CISA Warns of Vulnerabilities in Popular Domain Name System Software 


Security advisories note attackers could remotely exploit flaws to cause a denial of service.

The Cybersecurity and Infrastructure Security Agency highlighted software vulnerabilities in the Berkeley Internet Name Domain and urged administrators to patch the widely used open source system. 

“The Internet Systems Consortium has released security advisories that address vulnerabilities affecting multiple versions of ISC Berkeley Internet Name Domain,” CISA wrote. “A remote attacker could exploit these vulnerabilities to cause a denial-of-service condition. CISA encourages users and administrators to review the following ISC advisories for more information and to apply the necessary updates.”

There are no workarounds identified in the advisories, which the ISC released Friday. The ISC implores users to employ the only solution: “Upgrade to the patched release most closely related to your current version of BIND.”

ISC noted five related vulnerabilities, four of which were ranked “medium” in severity, all of which could be exploited remotely. 

The Domain Name System allows for internet protocol addresses to be viewed as the user-friendly words in a uniform resource locator. But target machines can be spoofed or flooded by requests sent by malicious hackers, causing disruptions to the operation.

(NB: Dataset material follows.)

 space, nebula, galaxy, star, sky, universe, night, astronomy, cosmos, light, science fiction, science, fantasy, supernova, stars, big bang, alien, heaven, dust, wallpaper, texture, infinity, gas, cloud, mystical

In describing one vulnerability, the ISC said versions of BIND that use the libuv network manager, have incorrectly specified the size of a maximum buffer, which would allow a deliberately constructed payload making its way through transmission control protocols to disable the server.  

“An attacker who can establish a TCP connection with the server and send data on that connection can exploit this to trigger the assertion failure, causing the server to exit,” the advisory reads. 

Other vulnerabilities that can cause the server to crash surround misconfigurations and signatures attached to requests for addresses.  

ISC credited Emanuel Almeida of Cisco Systems; Dave Feldman, Jeff Warren, and Joel Cunningham of Oracle; Joop Boonen of credativ GmbH and Lyu Chiy; and Joseph Gullo for the discoveries.

There are currently no known active exploits for any of the vulnerabilities.